Investing In Small Businesses

Along the same lines, when paper assets aren’t making much, buying a Chic-Fil-A franchise or a dry cleaner business or a roofing business etc starts looking more attractive.  If I can get a return on my capital of 8% real in a small business, but only 2% real in my portfolio, I’m probably willing to put in that effort and take that risk.

Take More Investment Risk

As yields on fixed income have fallen, this is an approach I have looked at more and more.  Of course, it’s wise to remember that more money has been lost chasing yields than in the stock market, but I find it difficult to invest money at 0.02% (the going rate in money market accounts), in moderate length treasuries paying less than the inflation rate, and in TIPS with negative real yields.  The current environment punishes savers and conservative investors, and seems to reward spenders, debtors, and investors willing to take risks.  “Why fight it?” you might wonder.  There are lots of ways to take risks and increase EXPECTED returns.  Instead of investing mostly in US large caps you can invest in small caps, value stocks, microcaps, emerging market stocks or REITs.  Instead of investing in cash, you can invest in precious metals.  Instead of investing in relatively safe, short-term bonds, you can invest in long-term treasuries, corporate bonds, or Peer to Peer Lending.  When making an extra 1-2% on your portfolio is the difference between 2% real and 4% real, some of those risks seem more worthy of consideration to me.
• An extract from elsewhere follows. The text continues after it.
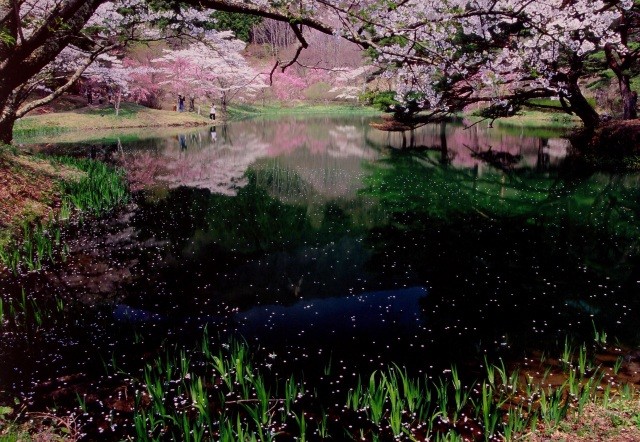 半田沼に映る桜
In fact, in many ways I’m already doing this with a sliced and diced portfolio and perhaps that’s why I haven’t had 2% real returns over the last decade.

Don’t Invest At All

With anemic interest rates, some may wonder whether to invest at all.  Why not live it up now, spend your whole paycheck, and then just plan on a much decreased standard of living in retirement?  Traditionally, investing is about whether you’d like to spend $100 now or $300 later.  As rates come down the question becomes “$100 now or $100 later?”  At negative real rates, that choice could become “$100 now or $50 later?”  At a certain point for everyone, there’s little reason for saving for the future.
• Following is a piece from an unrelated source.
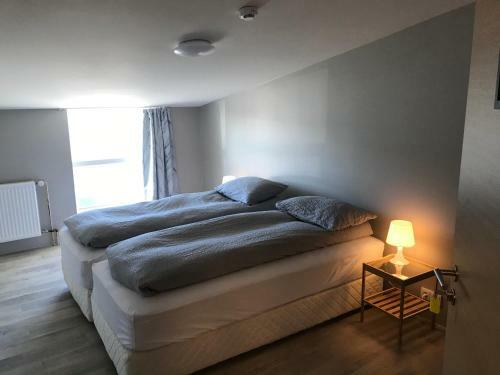 Hostal Blue Viking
Guaranteed Investing Options

The main problem with investing in insurance products like cash value insurance or annuities is that after all the expenses, you end up with low returns.  But if market returns are so low, then these guaranteed, but low, returns don’t look so bad.  I recently calculated that the cash value for a whole life insurance policy bought today and held to your life expectancy, had a guaranteed return of 2% (nominal, not real) and a projected return of 4-5%.  Obviously if the markets have poor returns, the returns in the insurance product are going to be much closer to 2% than 4%, and theoretically the company could even go out of business, but even the most ardent whole life insurance foe has to admit that, at a certain point, the guarantee is worth something.
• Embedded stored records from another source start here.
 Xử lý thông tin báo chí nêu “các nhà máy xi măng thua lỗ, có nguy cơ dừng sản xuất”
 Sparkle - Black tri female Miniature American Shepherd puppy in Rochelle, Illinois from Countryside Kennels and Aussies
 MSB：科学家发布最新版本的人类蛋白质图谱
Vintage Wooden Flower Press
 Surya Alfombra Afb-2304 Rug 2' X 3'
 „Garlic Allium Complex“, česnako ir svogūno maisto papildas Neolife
If expected long-term returns are low, it increases the incentive to gamble, whether that involves putting it all on red, buying a lottery ticket, or just taking up the habit of market-timing/short-term trading.  If the chances of you reaching your retirement goals are only 10% due to low expected returns, then perhaps the 48% chance achieved on the roulette table isn’t so bad.

Now I’m not making any significant changes to my portfolio based on our low interest rate environment or these rather pessimistic projections of future returns that I’m seeing out there.  This is mostly just a mental exercise.  I’m certainly not recommending you abandon principles that have worked for investors for decades (perhaps even centuries.)  But every now and then, it’s fun to think outside the box, even if you don’t actually ever leave it.  I do, however, recommend you track your returns over time and adjust your savings rate, the length of your career, and your projected retirement lifestyle accordingly.